PPF vs SIP: Which option can help you reach sooner at Rs 2 crore corpus; know calculations
Generally investors look for safe investments that can give them assured income, guaranteed returns and income tax benefits. PPF is one of popular schemes for such investments. But many investors rush to buy mutual funds through SIPs as they expect to get higher returns from there. Here, we will tell you which option can help you reach faster to your goal of Rs 2 crore corpus.
PPF vs SIP: Smart Investing is a time-tested tool to gain good returns in short time. However, investment is a long-term game and those who stick to their investments for long duration are likely to gain more than those who are panicked by market fluctuations. If you follow the strategies of smart investing, you can accumulate wealth as much as Rs 2 crore. Is it possible through investment in PPF or something else? Read more to know that!

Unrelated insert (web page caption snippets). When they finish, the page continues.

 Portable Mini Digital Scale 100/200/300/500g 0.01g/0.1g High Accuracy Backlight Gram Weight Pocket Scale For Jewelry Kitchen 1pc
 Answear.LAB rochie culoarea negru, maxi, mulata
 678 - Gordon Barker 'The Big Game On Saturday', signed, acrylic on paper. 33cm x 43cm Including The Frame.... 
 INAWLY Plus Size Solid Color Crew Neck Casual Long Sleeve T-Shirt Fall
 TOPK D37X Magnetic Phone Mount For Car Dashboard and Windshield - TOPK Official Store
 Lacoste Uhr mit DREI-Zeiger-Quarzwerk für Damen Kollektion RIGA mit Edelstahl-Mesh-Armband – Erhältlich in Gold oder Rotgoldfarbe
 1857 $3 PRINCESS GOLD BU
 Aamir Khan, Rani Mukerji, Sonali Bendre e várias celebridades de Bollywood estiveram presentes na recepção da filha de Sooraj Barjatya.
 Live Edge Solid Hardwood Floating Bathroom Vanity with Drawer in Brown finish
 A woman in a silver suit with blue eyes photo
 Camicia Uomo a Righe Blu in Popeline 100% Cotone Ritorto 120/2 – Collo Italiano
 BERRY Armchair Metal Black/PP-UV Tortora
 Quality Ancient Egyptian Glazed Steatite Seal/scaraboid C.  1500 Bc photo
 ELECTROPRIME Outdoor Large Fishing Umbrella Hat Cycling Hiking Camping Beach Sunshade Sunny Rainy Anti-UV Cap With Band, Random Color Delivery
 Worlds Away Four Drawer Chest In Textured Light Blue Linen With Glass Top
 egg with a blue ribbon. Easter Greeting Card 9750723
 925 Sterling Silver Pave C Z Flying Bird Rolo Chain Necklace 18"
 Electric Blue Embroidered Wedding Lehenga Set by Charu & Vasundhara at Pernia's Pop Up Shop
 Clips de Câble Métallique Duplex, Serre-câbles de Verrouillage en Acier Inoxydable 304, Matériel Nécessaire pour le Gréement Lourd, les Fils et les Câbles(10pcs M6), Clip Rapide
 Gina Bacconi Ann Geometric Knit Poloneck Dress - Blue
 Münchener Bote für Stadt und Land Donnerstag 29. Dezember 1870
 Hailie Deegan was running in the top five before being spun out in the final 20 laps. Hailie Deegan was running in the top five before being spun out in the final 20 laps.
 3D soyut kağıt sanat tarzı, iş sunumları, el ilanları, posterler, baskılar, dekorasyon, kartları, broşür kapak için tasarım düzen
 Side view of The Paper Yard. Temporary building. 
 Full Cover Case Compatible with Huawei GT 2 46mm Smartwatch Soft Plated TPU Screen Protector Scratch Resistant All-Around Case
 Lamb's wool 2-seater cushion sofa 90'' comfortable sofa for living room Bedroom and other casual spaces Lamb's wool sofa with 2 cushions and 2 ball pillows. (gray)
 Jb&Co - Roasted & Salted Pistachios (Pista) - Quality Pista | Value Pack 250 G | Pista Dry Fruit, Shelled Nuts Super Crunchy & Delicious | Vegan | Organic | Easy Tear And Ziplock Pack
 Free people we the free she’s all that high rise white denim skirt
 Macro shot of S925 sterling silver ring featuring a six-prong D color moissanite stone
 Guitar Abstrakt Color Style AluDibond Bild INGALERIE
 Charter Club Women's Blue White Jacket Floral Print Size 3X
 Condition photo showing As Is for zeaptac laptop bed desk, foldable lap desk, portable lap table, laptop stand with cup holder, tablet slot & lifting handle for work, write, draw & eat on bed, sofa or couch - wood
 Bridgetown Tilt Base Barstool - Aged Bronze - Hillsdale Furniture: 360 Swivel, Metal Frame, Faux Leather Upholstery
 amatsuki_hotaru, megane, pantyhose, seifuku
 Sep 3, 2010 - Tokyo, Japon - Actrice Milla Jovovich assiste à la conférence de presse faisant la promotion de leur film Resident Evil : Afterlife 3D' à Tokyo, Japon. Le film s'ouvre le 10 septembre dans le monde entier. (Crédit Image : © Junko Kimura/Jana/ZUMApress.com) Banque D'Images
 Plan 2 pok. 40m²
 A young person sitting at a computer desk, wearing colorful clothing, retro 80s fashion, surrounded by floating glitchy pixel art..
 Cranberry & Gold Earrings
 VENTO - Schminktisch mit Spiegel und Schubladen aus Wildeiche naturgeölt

Financial planners say that an investment of Rs 200 daily i.e. Rs 6,000 in a month is enough to achieve a sizeable corpus at the time of retirement.
If we look at this figure for one year, it comes to Rs 72,000. Now, if Rs 72,000 are invested somewhere… generally people find PPF safe as it offers guaranteed returns and assured income, plus it also give people tax exemption up to rs 150,000.
Surely, one can get good returns and safe investment is PPF. But, what Public Provident Fund (PPF) can not do easily, SIP can do and help you accumulate Rs 2 crore.
The calculation is given below.
15 years of investment in PPF
A conservative investor invests their money in government guaranteed instruments like Public Provident Fund (PPF).
Its specialty is that the money invested, the interest received on it, and the entire amount received on maturity are tax free.
If you invest Rs 6,000 every month in PPF, your investment in a year will be Rs 72,000.
By investing regularly, this amount will be Rs 19 lakh 52 thousand 740 in a period of 15 years.
Fifteen years is the minimum maturity limit of PPF.
If you invest money in PPF for 20 years...
If you keep depositing this amount in PPF for 20 years, the amount will be Rs 31 lakh 95 thousand 978 lakh.
Now if we extend it for 5 more years, we will get Rs 49 lakh 47 thousand 847.
The thing to note here is that PPF is a safe investment.
But, its interest rate is fixed every three months.
Here, we have calculated the current interest rate according to 7.1 per cent only.
If you invest Rs 6000/month in SIP
If you deposit your money in a mutual fund SIP every month for 25 years and get a return of 10 per cent, the value of your investment will be Rs 80 lakh 27 thousand 342 at maturity.
Now if you extend the same investment to 30 years, the return you will get will be Rs 1 crore 36 lakh 75 thousand 952.
Now understand the calculation of Rs 2 crore
Experts consider 10 per cent return to be very normal and conservative. It is normal to get 12 per cent returns in diversified funds.
According to this rate, in 25 years this amount will be Rs 1 crore 13 lakh 85 thousand 811, and in 30 years, this money will increase to Rs 2 crore 11 lakh 79 thousand 483.